The vacancy rates for apartments reached historic lows earlier in 2016 and is expected to remain near that point. In industrial, office and retail sectors, it is expected that vacancy rates will continue to fall. However, there will be a slowdown in commercial real estate transaction volume of around 21 percent. While it reached a post-recession high in 2015 of $545 billion, by 2018, it will drop to $428 billion.
Commercial mortgage-backed securities will also decrease from a total issuance of $101 billion in 2015 to $70 billion by the end of 2016. However, it is expected to turn around and climb to $90 billion in 2018. Pricing in commercial real estate is set to decline well below the 5.7 percent average growth rate.

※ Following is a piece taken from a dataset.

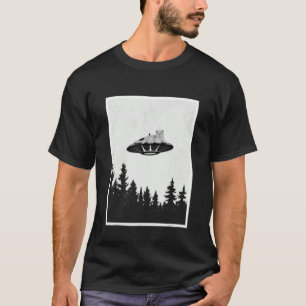 UFO Alien Cat Humour Out Of Focus Flying Saucer M T-Shirt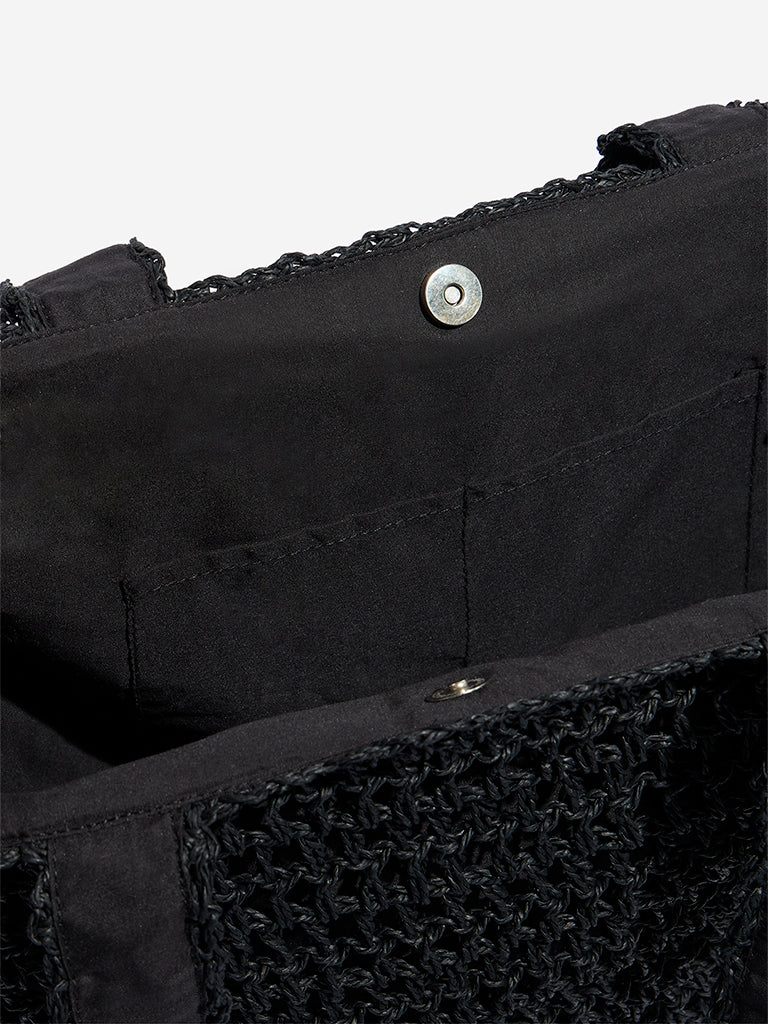 Wunderlove Black Crochet-Detailed Tote Bag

Decreasing to 5 percent in 2016, it is expected to reach 2.5 percent in 2018. REIT equity market returns and REIT earnings are expected to grow.
The relative health of the commercial real estate market may prompt developers to increase their output. They might want to work with an attorney on issues such as seeking sources for commercial mortgages. Attorneys can point out that, while some banks have exited the market due to regulatory pressures, the appetite of hedge funds and other institutional investors to lend money to good projects remains healthy.